[Exercise aim]: All records that follow are to be copied exactly, with images omitted.

──────── Listed entries ────────

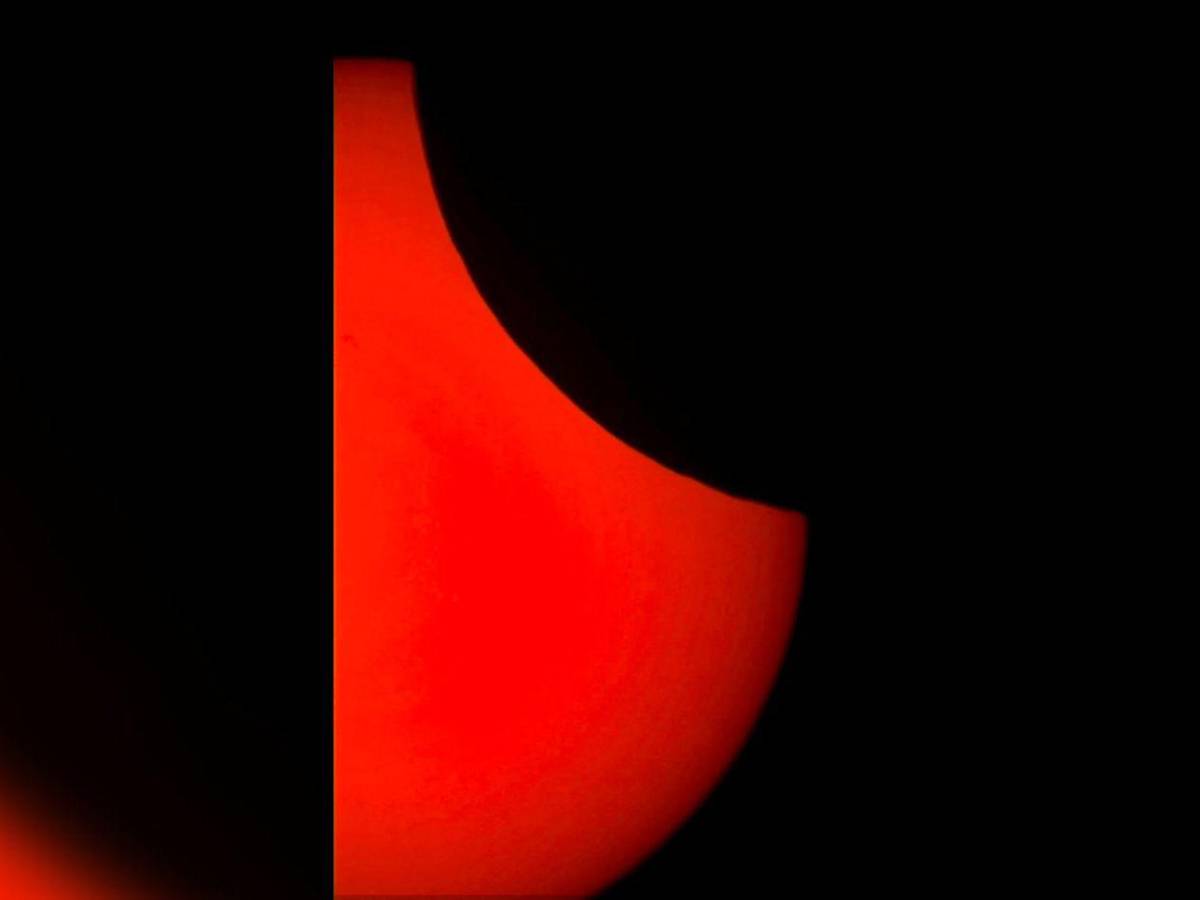 El cielo se oscurece este sábado: así se vive el eclipse solar parcial en impactantes imágenes
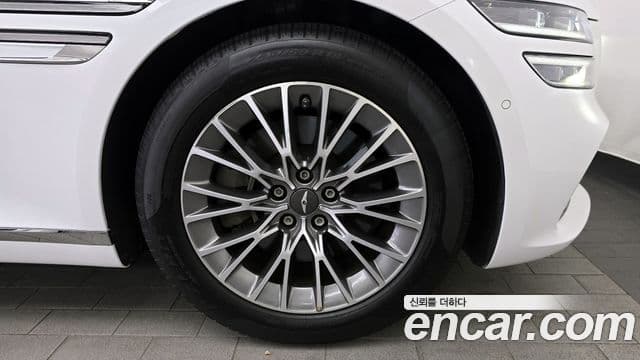Genesis G80 2020 — Photo 2/20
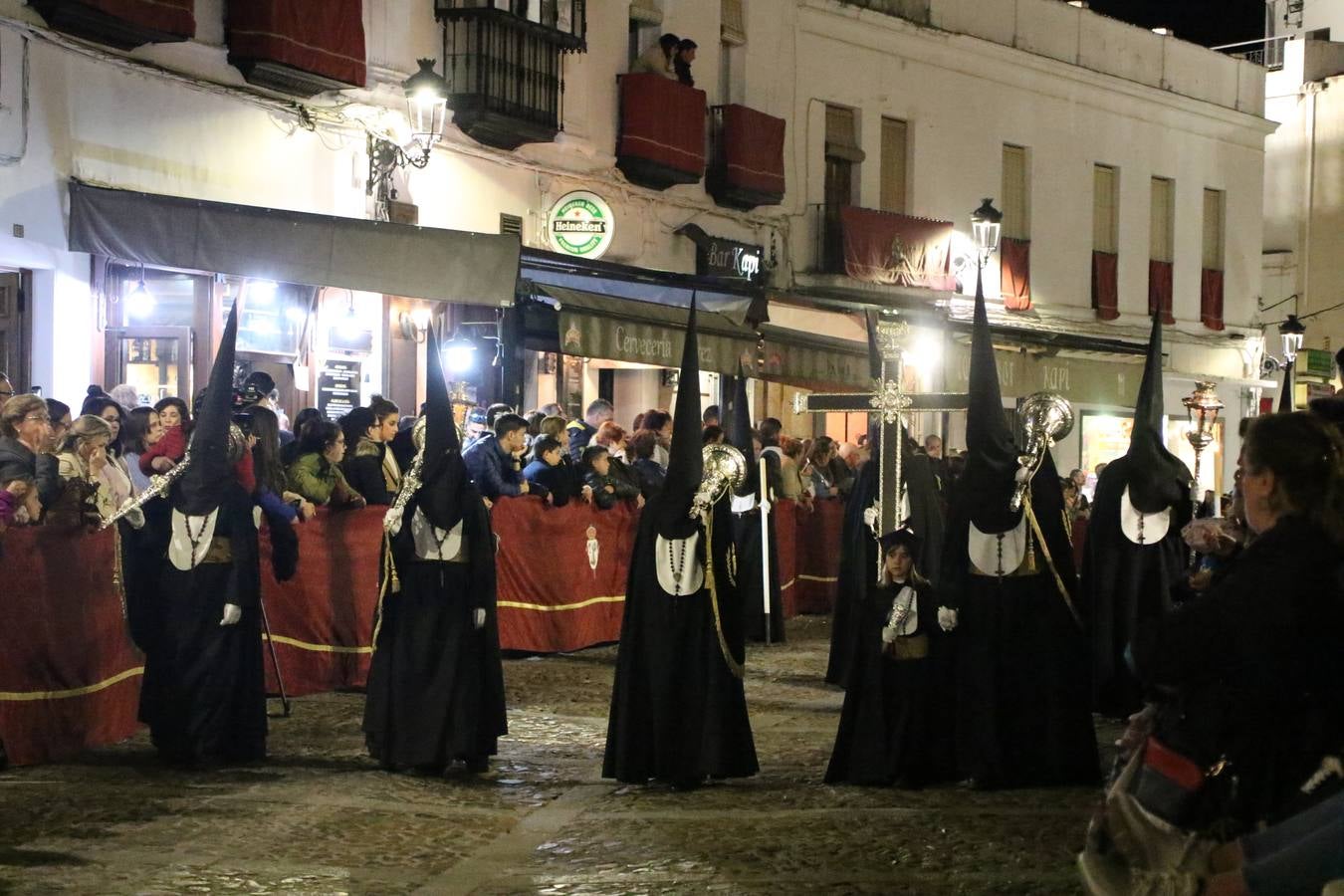 Siguiendo la tradición y al aviso de tres toques, la puerta del Perdón de la Iglesia de San Miguel Arcángel se abrió, ayer, para que la Antigua y Pontificia Cofradía de Nuestra Señora del Rosario y Jesús Orando en el Huerto realizase su desfile procesional. Un Martes Santo más en el que el silencio, el recogimiento y la austeridad recalan en las calles de Jerez de los Caballeros ante las imágenes de 'Jesús orando en el Huerto' y 'Nuestra Señora del Silencio'. Un silencio roto por la voz de los capataces, el andar de los costaleros, las marchas de la Asociación Musical del municipio y, este año, de manera especial, por la voz del tenor extremeño Juan Ledesma. Ledesma cantó a la Virgen del Silencio ante el Arco de Burgos, con el acompañamiento de la citada Asociación Musical.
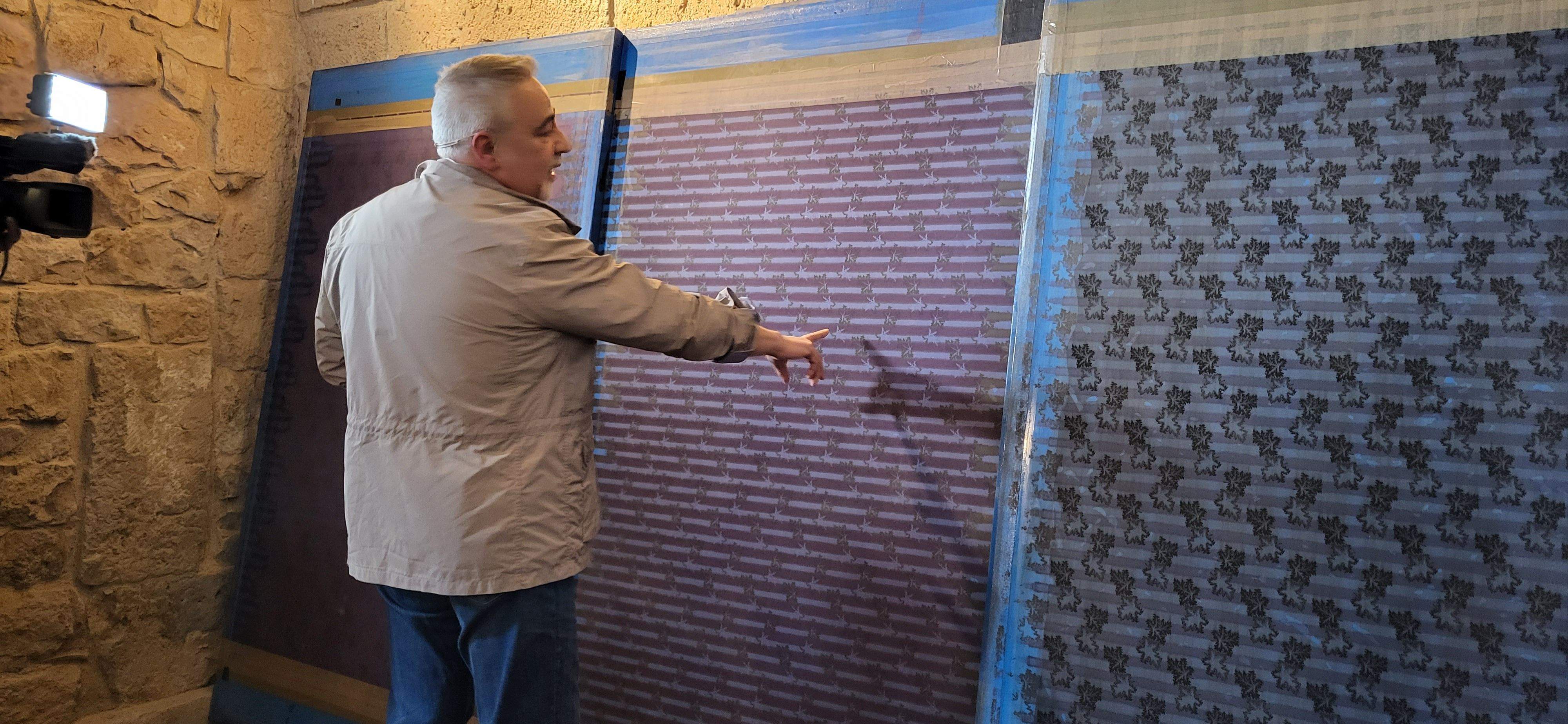 Imágenes de la donación de Miguel Ángel Lahoz a Fraga. Foto Myriam Martínez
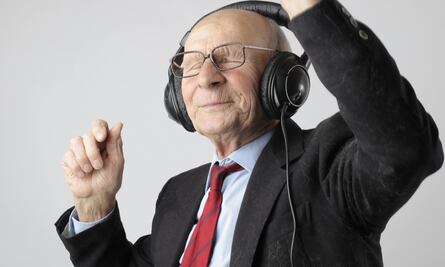 Abuelo se vuelve viral al hacer una sesión de fotos como Tommy Shelby de Peaky Blinders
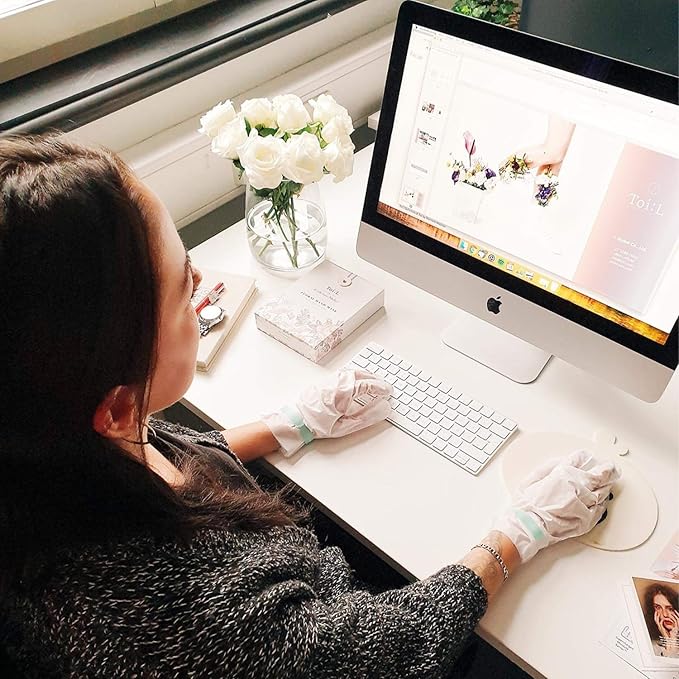 Toi:L Extra Silky Hand Mask 5 Pairs, Korean Moisturizing Gloves for Dry Hands with White Truffle, Green Caviar & Peptides, Repairing and Softening Hand Care Treatment for Aging, Cracked, and Dry Skin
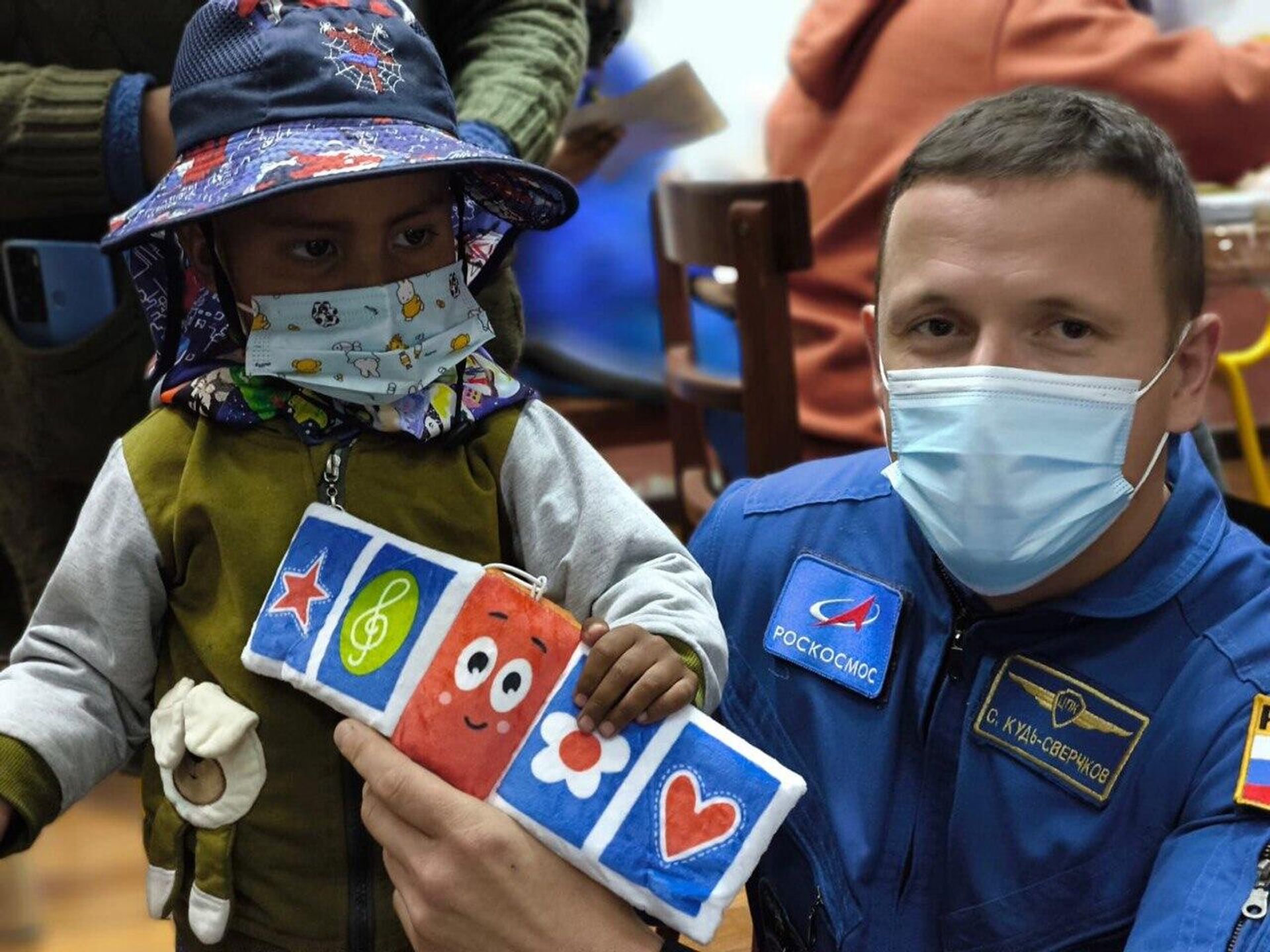 Cosmonaut Sergey Kud-Sverchkov participates participates in humanitarian events to support cancer patients in Bolivia. - Sputnik International, 1920, 24.07.2024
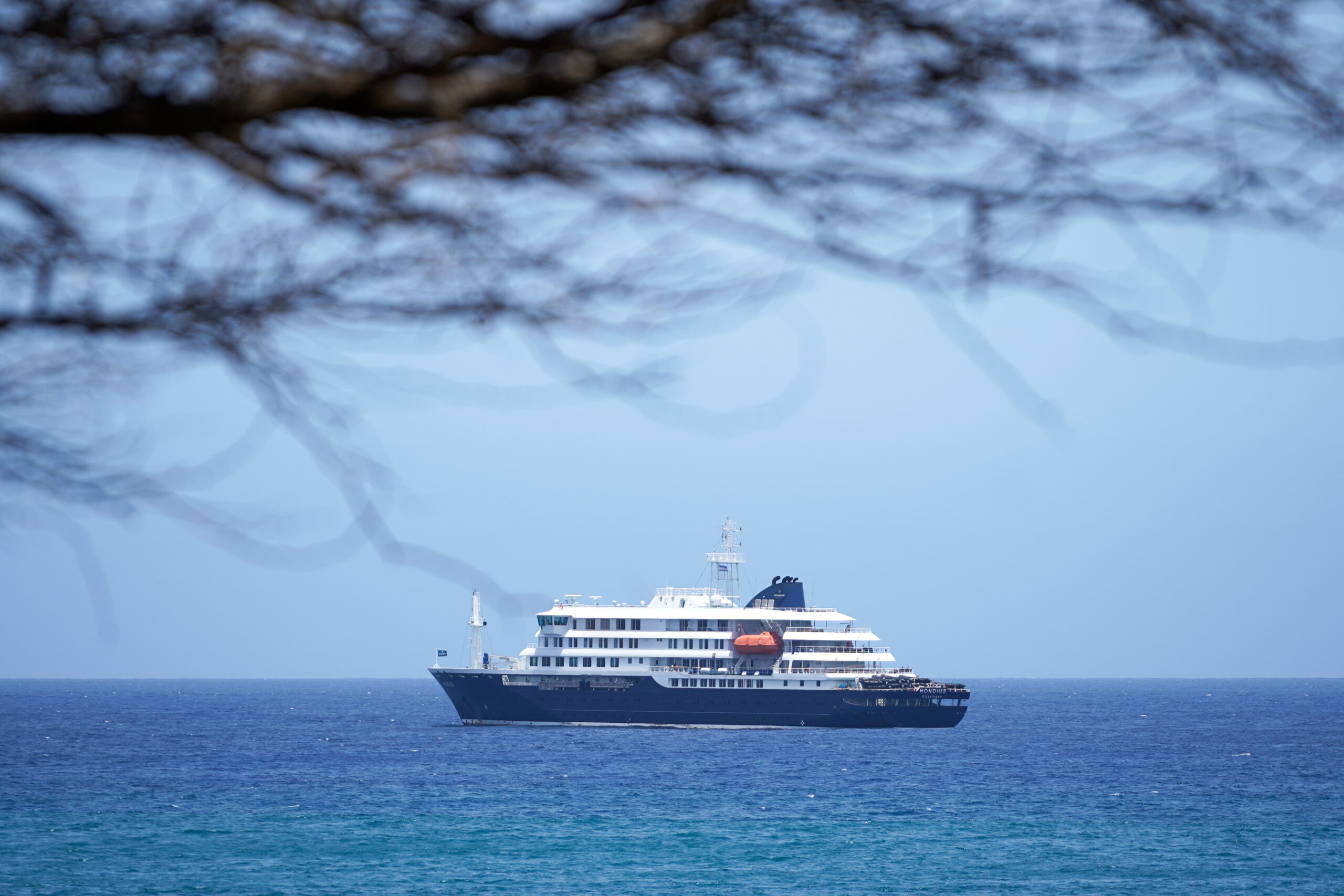Cruise Ship Stricken by Hantavirus Orphaned in Atlantic Ocean as Canary Islands Leader Objects to Its Docking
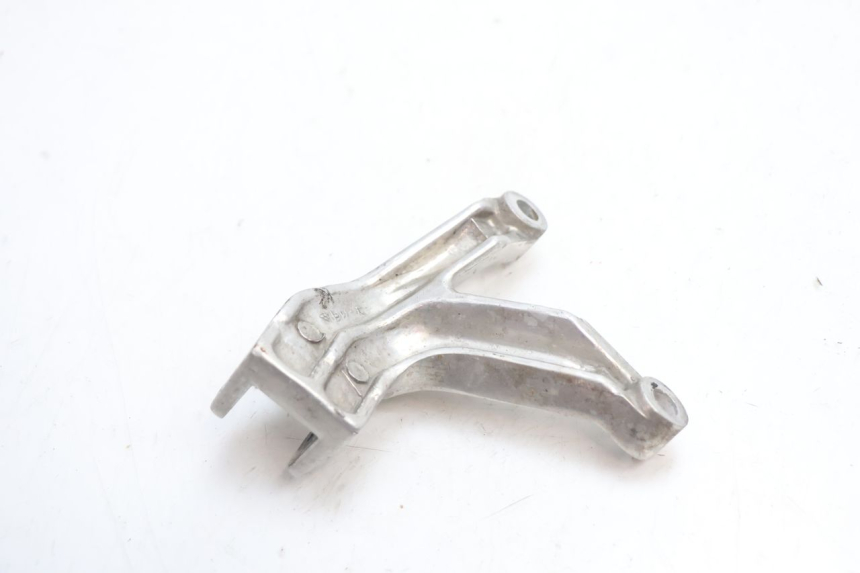 photo de PEDANA POSTERIORE SINISTRA SUPPORTO YAMAHA YZF R GENESIS 750 (1993 - 1998) - Altra angolazione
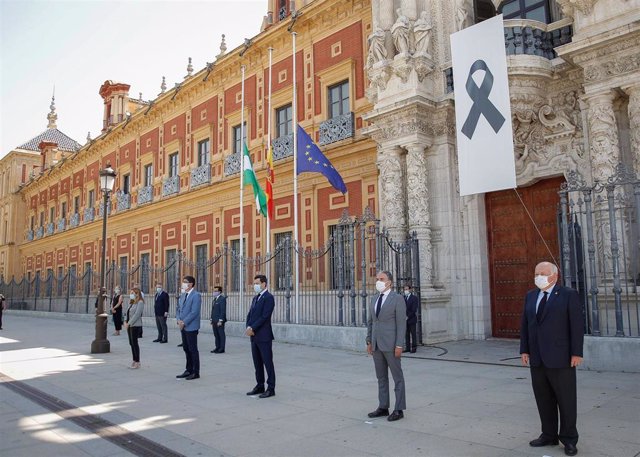 Minuto de silencio del Gobierno andaluz ante el Palacio de San Telmo por el primer día de luto oficial en España por las víctimas de la pandemia del coronavirus.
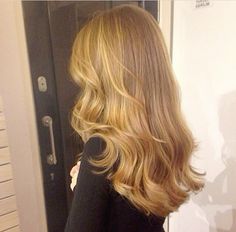 Honey Gold Hair, Vacation Hairstyles, Hairstyles 2024, Viral On Tiktok, Honey Blonde Hair, Blowout Hair, Honey Hair, Going Viral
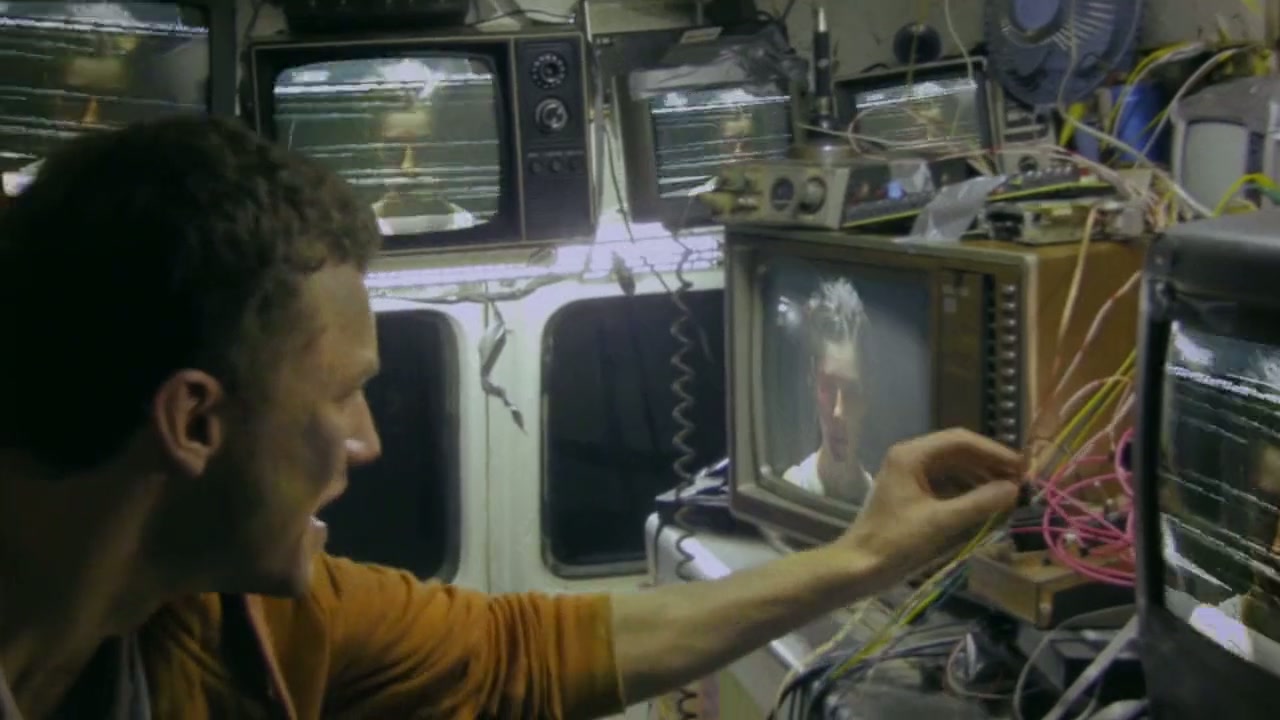 V/H/S Viral Screenshot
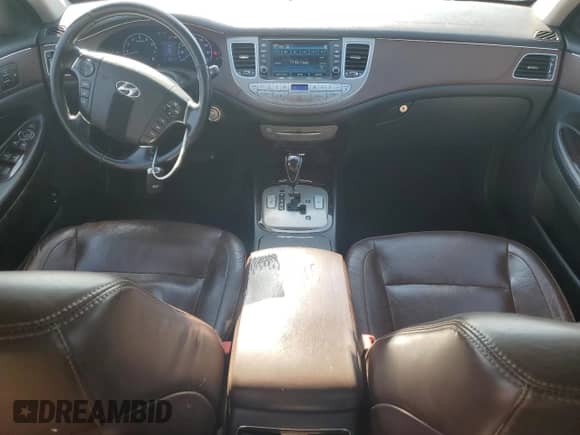 2013 Hyundai Genesis 3.8L with VIN KMHGC4DD9DU247926, listed as a Copart auction lot 61735335 with 218,121 mi miles and Salvage title. Bid and sale history available at DreamBid. Image 8.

────────

[Exercise output]:
 El cielo se oscurece este sábado: así se vive el eclipse solar parcial en impactantes imágenes
Genesis G80 2020 — Photo 2/20
 Siguiendo la tradición y al aviso de tres toques, la puerta del Perdón de la Iglesia de San Miguel Arcángel se abrió, ayer, para que la Antigua y Pontificia Cofradía de Nuestra Señora del Rosario y Jesús Orando en el Huerto realizase su desfile procesional. Un Martes Santo más en el que el silencio, el recogimiento y la austeridad recalan en las calles de Jerez de los Caballeros ante las imágenes de 'Jesús orando en el Huerto' y 'Nuestra Señora del Silencio'. Un silencio roto por la voz de los capataces, el andar de los costaleros, las marchas de la Asociación Musical del municipio y, este año, de manera especial, por la voz del tenor extremeño Juan Ledesma. Ledesma cantó a la Virgen del Silencio ante el Arco de Burgos, con el acompañamiento de la citada Asociación Musical.
 Imágenes de la donación de Miguel Ángel Lahoz a Fraga. Foto Myriam Martínez
 Abuelo se vuelve viral al hacer una sesión de fotos como Tommy Shelby de Peaky Blinders
 Toi:L Extra Silky Hand Mask 5 Pairs, Korean Moisturizing Gloves for Dry Hands with White Truffle, Green Caviar & Peptides, Repairing and Softening Hand Care Treatment for Aging, Cracked, and Dry Skin
 Cosmonaut Sergey Kud-Sverchkov participates participates in humanitarian events to support cancer patients in Bolivia. - Sputnik International, 1920, 24.07.2024
Cruise Ship Stricken by Hantavirus Orphaned in Atlantic Ocean as Canary Islands Leader Objects to Its Docking
 photo de PEDANA POSTERIORE SINISTRA SUPPORTO YAMAHA YZF R GENESIS 750 (1993 - 1998) - Altra angolazione
 Minuto de silencio del Gobierno andaluz ante el Palacio de San Telmo por el primer día de luto oficial en España por las víctimas de la pandemia del coronavirus.
 Honey Gold Hair, Vacation Hairstyles, Hairstyles 2024, Viral On Tiktok, Honey Blonde Hair, Blowout Hair, Honey Hair, Going Viral
 V/H/S Viral Screenshot
 2013 Hyundai Genesis 3.8L with VIN KMHGC4DD9DU247926, listed as a Copart auction lot 61735335 with 218,121 mi miles and Salvage title. Bid and sale history available at DreamBid. Image 8.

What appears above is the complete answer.